Arrr, ye landlubbers! Canadian sawbones say private medicine be no treasure map for fixin’ the system’s woes!
2024-08-03
Arrr! The Canadian Medical Association be hollerin’ to hoist the sails against gold for treatments that should be free as the sea! They be warnin’ of scallywags contractin’ services out, like lettin’ a landlubber steer yer ship! Avast, keep yer doubloons for me rum!

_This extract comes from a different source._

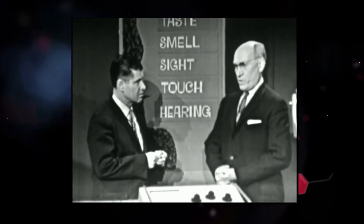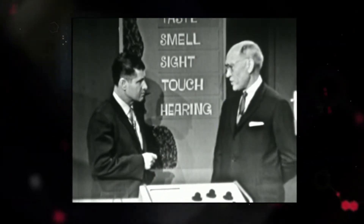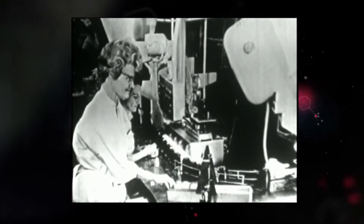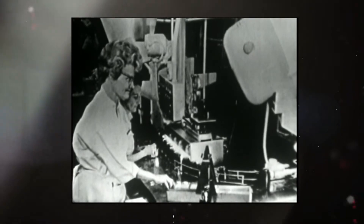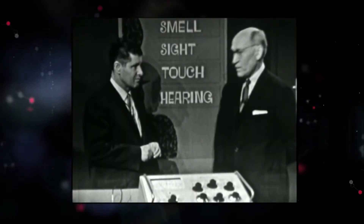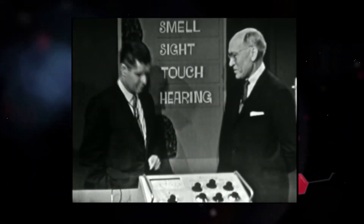Dr. Beckman's pH meter is used anywhere you find water or aqueous solution. In food processing, for example, in making jelly — jelly will simply not gel unless the pH is right. So in the commercial production of jams and jellies, pH is a very important factor that has to be controlled. In swimming pools, and everywhere where there's water, there's a pH measurement that's necessary.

Ahoy, me hearties! Gather 'round as I spin ye a yarn from the land of Canada, where the wise men of the Canadian Medical Association be makin’ quite the ruckus! Aye, they be callin’ for a ban on them shiny doubloons bein’ paid fer procedures that have long been plundered from the treasure chest of public healthcare!These scallywags be warnin’ us that hirein’ outside hands fer services might lead to a mutiny in the realm of health. They fear that lettin’ pirates from distant shores handle our healers might turn the good ship Healthcare into a leaky wreck! Aye, imagine a surgeon who be more interested in fillin’ their pockets than fixin’ yer broken bones!
‘Tis a treacherous tide they be swimmin’ in, for if we allow gold to flow into the hands of the greedy, we might find ourselves shanghaied into a world where only the rich can afford a good patchin’ up! So they be raisin’ the Jolly Roger, callin’ for a halt to these shenanigans, lest we end up like a shipwrecked crew, fightin’ fer scraps o’ care!
So, me mateys, heed the call of the Canadian medical buccaneers, and let’s keep our gold where it belongs—within the hold of public health!